There are many reasons why this may be the case, for example, the samples are related or matched in some way or represent two measurements of the same technique. More specifically, each sample is independent, but comes from the same population.

Examples of paired samples in data science/machine learning might be the same algorithm evaluated on different datasets or different algorithms evaluated on exactly the same training and test data. Usually experiments designed to test a treatment produce paired samples, the control and the treatment.

The samples are no longer independent, therefore the Mann-Whitney U test cannot be used, and the T-test assuming independent is also no longer appropriate.

Wilcoxon Signed-Rank Test¶

For a non-parametric test, the Wilcoxon signed-rank test is used, also called the Wilcoxon T test, named for Frank Wilcoxon. It is the equivalent of the paired Student T-test, but for ranked data instead of real valued data with a Gaussian distribution.

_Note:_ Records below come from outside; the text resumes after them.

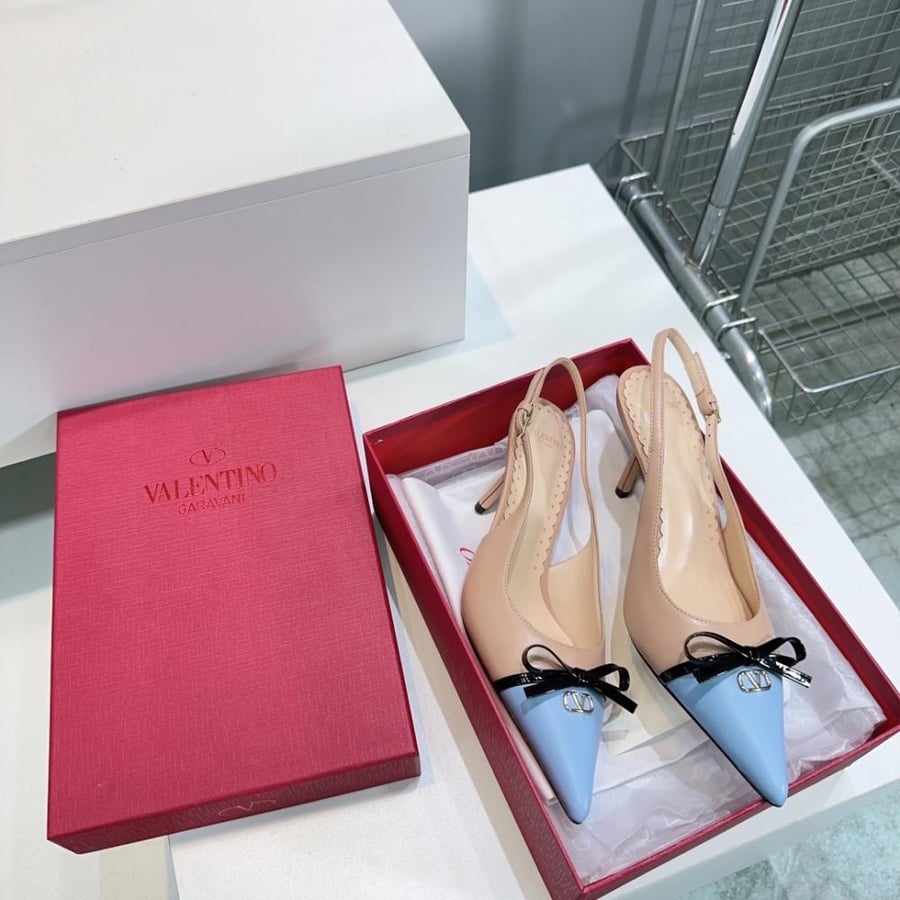 حذاء Valentino فاخر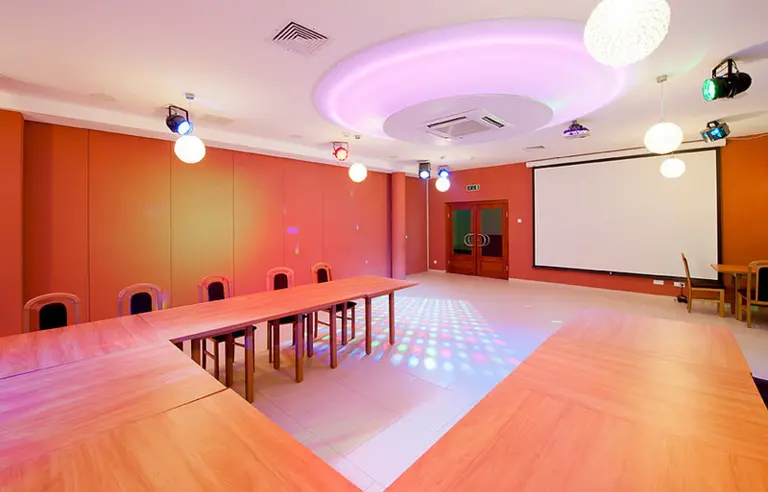 Hotel Tenis - zdjęcie 1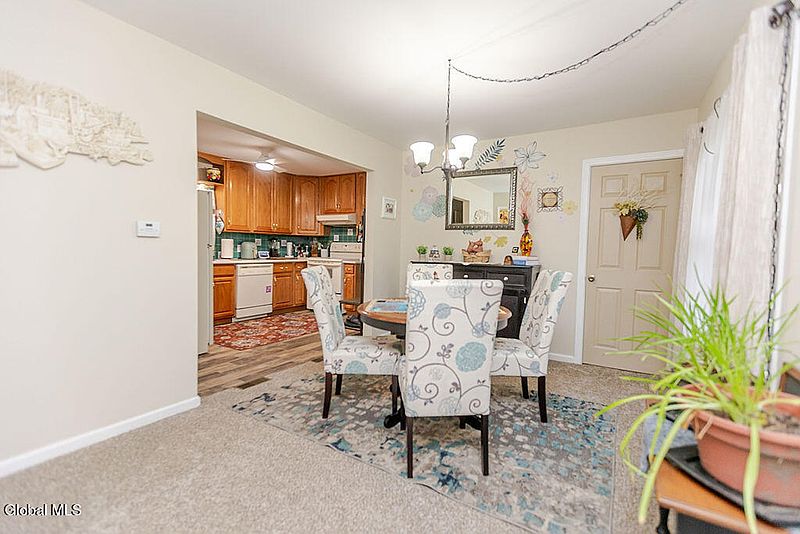 5th image of 68 Fox Avenue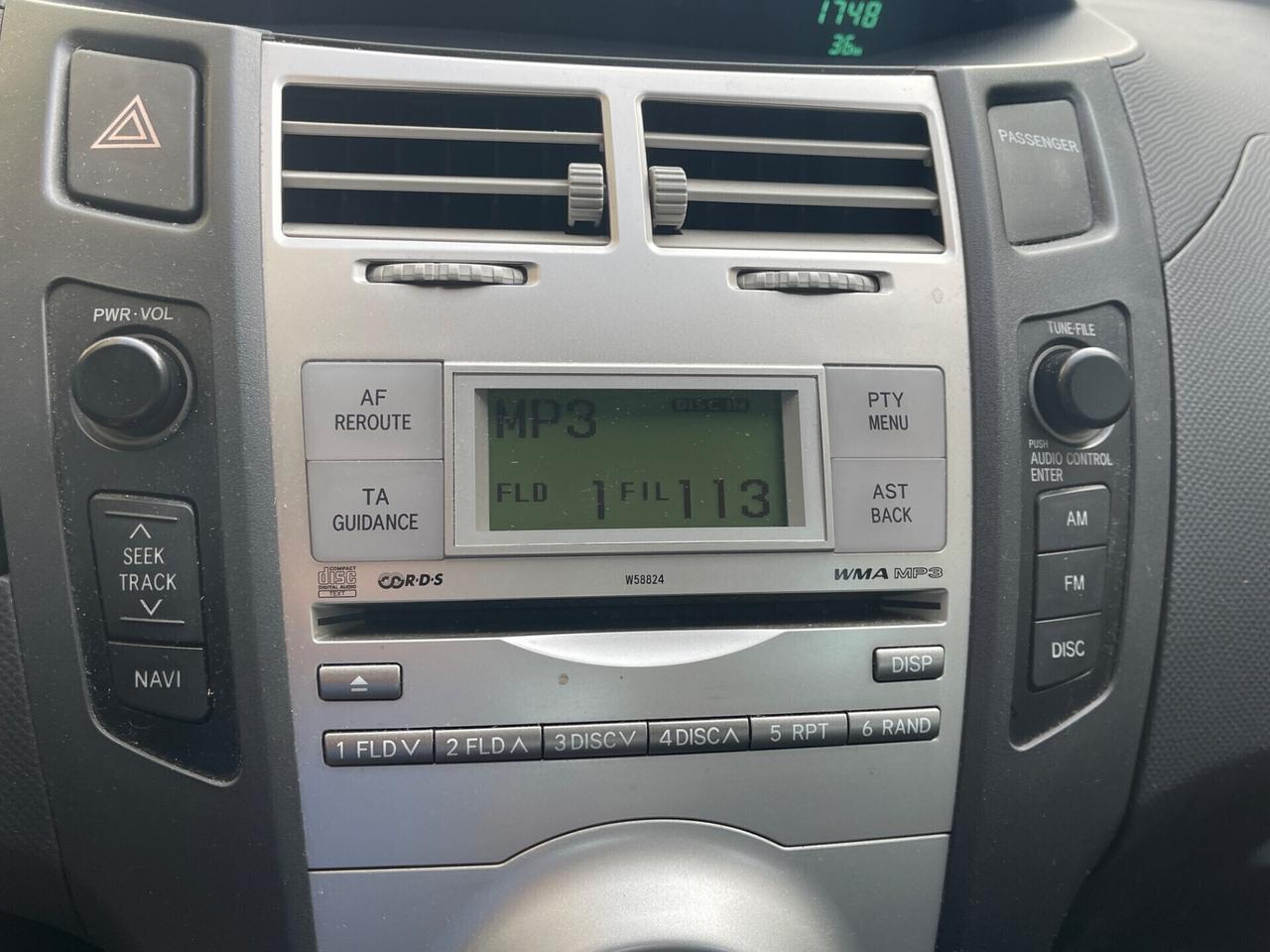 TOYOTA YARIS 1.3 BENZINA EURO4 UNI PROP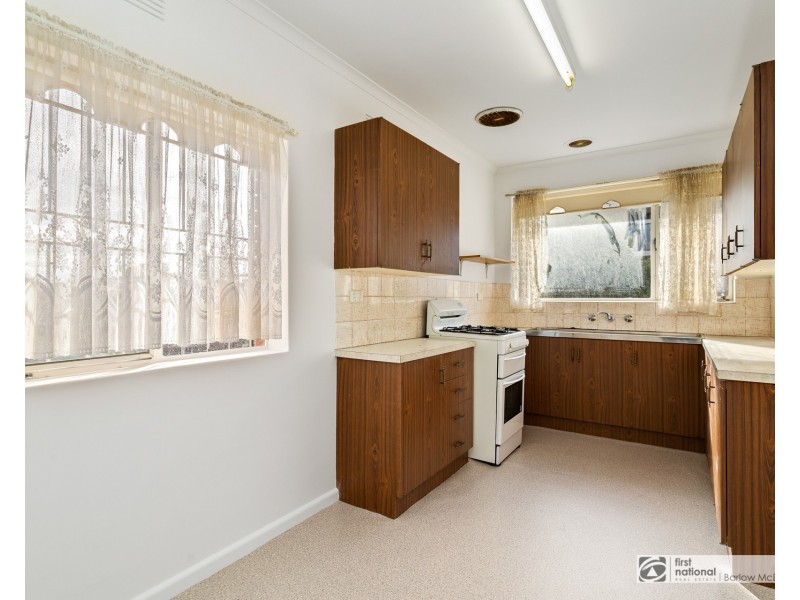 10/83 Railway Street North, Altona VIC 3018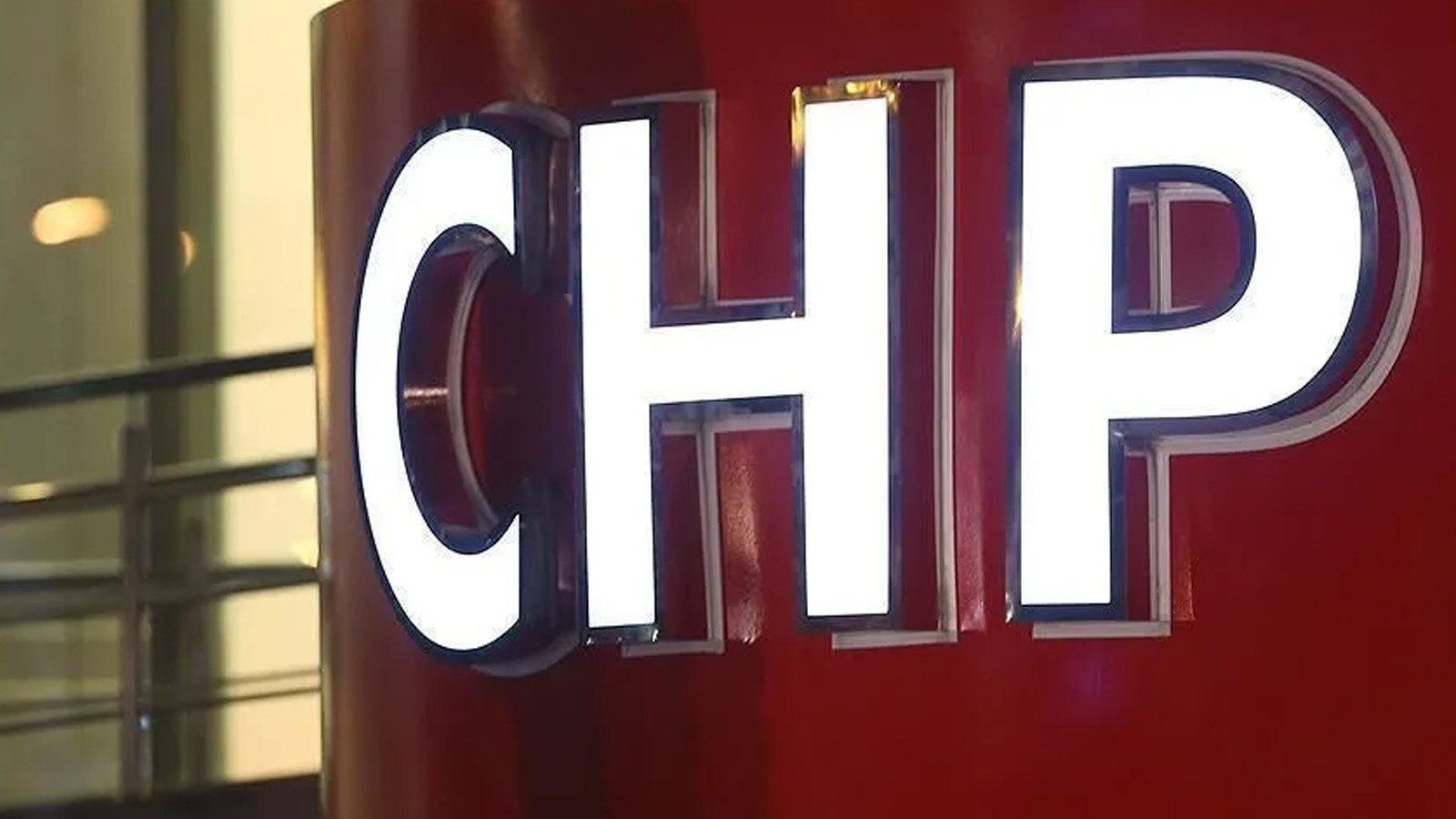 CHP'de Şanlıurfa'da 4 İlçe Başkanlığına Fesih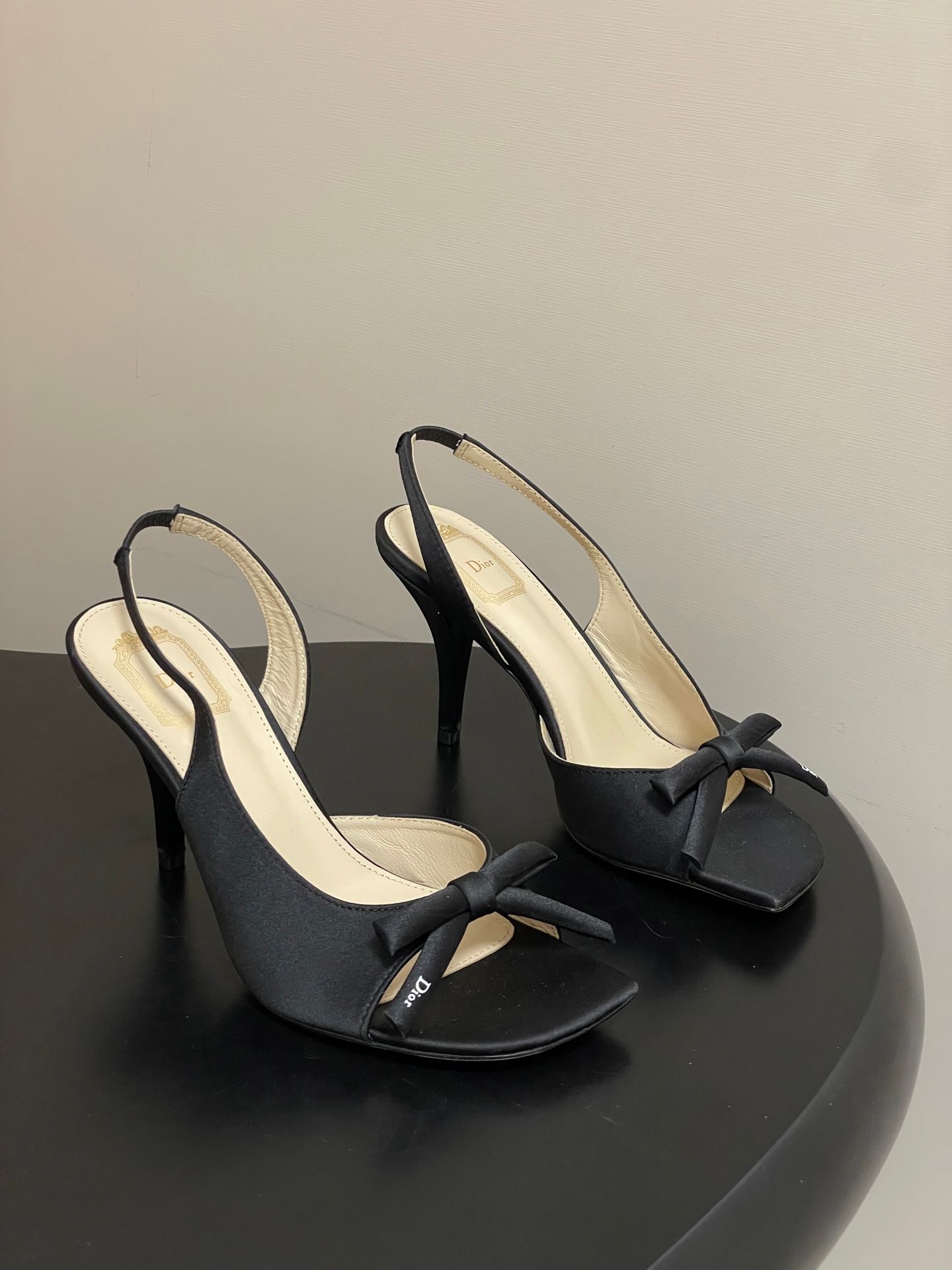 26ss Sg/Summer New Dior Latest runway style D-Bow sandals with heel and exd heel, CD letter bow high heels, exd toes, fish mouth, emback high-heeled sandalsThis Dior Bow sandals wi_0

The default assumption for the test, the null hypothesis, is that the two samples have the same distribution. We can build the test in the same fashion. In this example the pairing matters and a different outcome is inferred

from scipy.stats import wilcoxon # import a useful non-parametric test
stat, p = wilcoxon(industrial_organic_nitrogen,residential_organic_nitrogen)
print('statistic=%.3f, p-value at rejection =%.3f' % (stat, p))
if p > 0.05:
    print('Probably the same distribution')
else:
    print('Probably different distributions')

statistic=10.000, p-value at rejection =0.084
Probably the same distribution

T-Test Paired¶

Dependent t-test for paired_samples is described at (https://en.wikipedia.org/wiki/Student%27s_t-test). A similarily useful test is the Welch's T-test, which is left as an exercise. The paired T-test below is nearly the same function syntax as before

results = stats.ttest_rel(industrial_organic_nitrogen, residential_organic_nitrogen)
print('statistic=%.3f, p-value at rejection =%.3f ' % (results[0], results[1]))
if p > 0.05:
    print('Probably the same distribution')
else:
    print('Probably different distributions')

statistic=0.230, p-value at rejection =0.823 
Probably the same distribution

	Industrial	Residential
count	10.000000	10.000000
mean	1.666000	1.538000
std	1.084714	2.534902
min	0.590000	0.300000
25%	1.100000	0.550000
50%	1.250000	0.800000
75%	1.675000	0.980000
max	4.000000	8.700000